Su Yalıtımı ile Betonarmede Korozyona Karşı Koruma: Yapıların Ömrü Nasıl Uzatılır?
Korozyon, betonarme yapılarda en büyük yapısal tehditlerden biri olup donatının zamanla zayıflamasına ve yapı ömrünün ciddi şekilde kısalmasına neden olur. Özellikle suyun ve nemin yapı elemanlarına nüfuz etmesi, çelik donatının oksitlenerek dayanıklılığını kaybetmesine yol açar. Bu süreç, taşıyıcı sistemlerin gücünü azaltarak yapı güvenliğini tehlikeye atar. Yapıların uzun ömürlü olmasını sağlamak ve korozyon kaynaklı hasarları en aza indirmek için en etkili yöntemlerden biri su yalıtımıdır. Doğru malzeme ve uygulama teknikleri ile gerçekleştirilen su yalıtımı, betonarme yapılarda nemin ve suyun oluşturabileceği zararlara karşı güçlü bir koruma sağlayarak yapı ömrünü uzatır. Bu yazıda, “Korozyon nedir?” sorusunu cevapladıktan sonra su yalıtımının korozyonla mücadeledeki kritik rolünü ve en etkili korozyon koruma yöntemlerini ele alacağız.

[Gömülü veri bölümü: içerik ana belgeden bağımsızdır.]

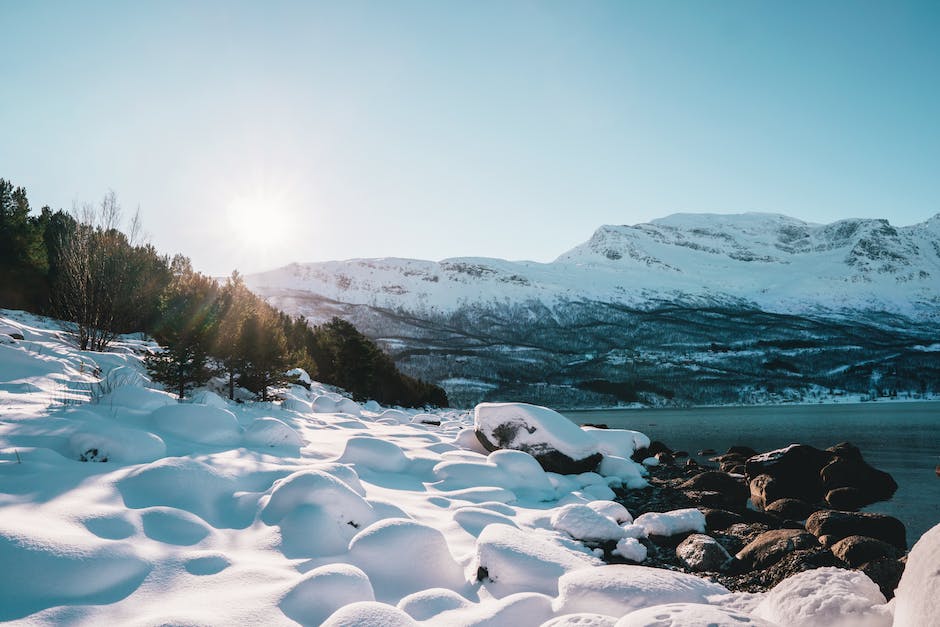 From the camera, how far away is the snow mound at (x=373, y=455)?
1055 centimetres

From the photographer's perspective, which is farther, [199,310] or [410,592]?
[199,310]

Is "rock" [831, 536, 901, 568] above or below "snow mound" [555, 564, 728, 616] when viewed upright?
below

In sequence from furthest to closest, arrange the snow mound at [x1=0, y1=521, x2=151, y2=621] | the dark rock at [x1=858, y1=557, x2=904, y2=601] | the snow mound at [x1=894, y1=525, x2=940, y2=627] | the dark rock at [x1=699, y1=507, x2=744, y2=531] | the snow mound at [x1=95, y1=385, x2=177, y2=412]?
1. the dark rock at [x1=699, y1=507, x2=744, y2=531]
2. the snow mound at [x1=95, y1=385, x2=177, y2=412]
3. the dark rock at [x1=858, y1=557, x2=904, y2=601]
4. the snow mound at [x1=0, y1=521, x2=151, y2=621]
5. the snow mound at [x1=894, y1=525, x2=940, y2=627]

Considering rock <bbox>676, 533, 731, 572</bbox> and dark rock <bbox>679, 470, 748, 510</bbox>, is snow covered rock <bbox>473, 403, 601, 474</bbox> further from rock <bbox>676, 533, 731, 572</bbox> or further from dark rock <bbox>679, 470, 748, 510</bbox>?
rock <bbox>676, 533, 731, 572</bbox>

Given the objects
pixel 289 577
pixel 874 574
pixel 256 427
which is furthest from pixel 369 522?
pixel 874 574

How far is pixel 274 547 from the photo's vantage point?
5457 mm

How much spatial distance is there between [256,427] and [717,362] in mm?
199422

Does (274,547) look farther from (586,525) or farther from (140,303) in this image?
(140,303)

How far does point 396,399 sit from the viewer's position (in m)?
50.1

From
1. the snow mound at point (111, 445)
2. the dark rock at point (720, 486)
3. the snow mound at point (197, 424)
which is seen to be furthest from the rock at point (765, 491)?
the snow mound at point (111, 445)

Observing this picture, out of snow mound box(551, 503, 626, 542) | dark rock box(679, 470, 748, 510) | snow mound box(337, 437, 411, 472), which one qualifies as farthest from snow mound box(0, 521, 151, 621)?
dark rock box(679, 470, 748, 510)

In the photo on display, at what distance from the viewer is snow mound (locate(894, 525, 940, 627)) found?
309cm

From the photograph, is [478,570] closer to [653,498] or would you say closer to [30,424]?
[30,424]

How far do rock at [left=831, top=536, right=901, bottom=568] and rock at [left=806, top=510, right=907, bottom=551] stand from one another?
1.32m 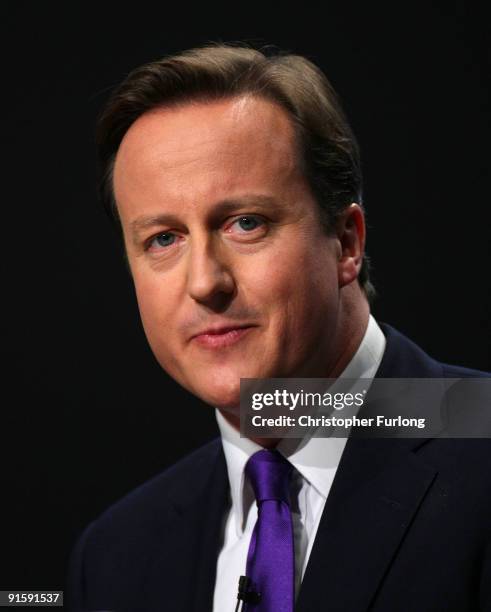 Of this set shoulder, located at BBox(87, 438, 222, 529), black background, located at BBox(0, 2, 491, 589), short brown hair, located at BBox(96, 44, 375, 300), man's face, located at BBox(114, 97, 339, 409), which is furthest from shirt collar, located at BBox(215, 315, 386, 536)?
black background, located at BBox(0, 2, 491, 589)

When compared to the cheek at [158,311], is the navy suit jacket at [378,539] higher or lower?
lower

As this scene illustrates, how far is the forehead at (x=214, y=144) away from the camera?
274 centimetres

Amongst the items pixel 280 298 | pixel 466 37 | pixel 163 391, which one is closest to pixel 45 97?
pixel 163 391

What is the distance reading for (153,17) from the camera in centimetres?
418

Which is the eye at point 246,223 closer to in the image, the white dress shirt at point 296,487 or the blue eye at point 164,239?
the blue eye at point 164,239

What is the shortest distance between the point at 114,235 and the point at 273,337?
5.42 ft

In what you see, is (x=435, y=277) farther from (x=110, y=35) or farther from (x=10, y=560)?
(x=10, y=560)

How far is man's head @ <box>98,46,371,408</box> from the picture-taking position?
2734 millimetres

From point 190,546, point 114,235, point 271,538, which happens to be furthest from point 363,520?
point 114,235

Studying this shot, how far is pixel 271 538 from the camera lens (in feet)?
9.04

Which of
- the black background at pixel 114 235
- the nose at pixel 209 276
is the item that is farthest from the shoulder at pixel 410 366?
the black background at pixel 114 235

Betonarmede Korozyon Nedir? Korozyon Gelişimine Etki Eden Faktörler Nelerdir?
Betonarme yapılarda korozyon problemi inşaat sektöründe her zaman için önemini koruyan ve sıkça karşılaşılacak yapı problemlerinden biridir.
Korozyon, metal yüzeylerin çevresel etkenler nedeniyle aşınarak yapısal bütünlüklerini kaybetmeleri sürecidir. Betonarme yapı elemanı içinde yer alan unsurlardan birisi olan (çelik malzemenin) donatının bulunduğu ortamla elektrokimyasal reaksiyona girerek fiziki ve metalik özelliklerini kaybetme durumudur. Aderans, betonun çeliğe yapışma özelliği olup alkali niteliğe sahip betonun aderans ile çeliği sarmalaması sonucunda donatıyı korozyondan koruyan bir alan oluşur.
Korozyonun temel nedenleri:
Nem: Havadaki nem, metal yüzeylerde oksidasyon tepkimelerini hızlandırır ve korozyonu tetikler.
Kimyasal Maddeler: Asidik veya bazik maddeler, metal yüzeylere direkt etki ederek korozyona yol açabilir.
Elektrik Akımı: Elektro-kimyasal tepkimeler, iletken metal yüzeylerde korozyonu artırabilir.
Yüksek Sıcaklık: Sıcak ortamlar, malzemelerin daha hızlı bozulmasına neden olarak korozyon riskini artırır.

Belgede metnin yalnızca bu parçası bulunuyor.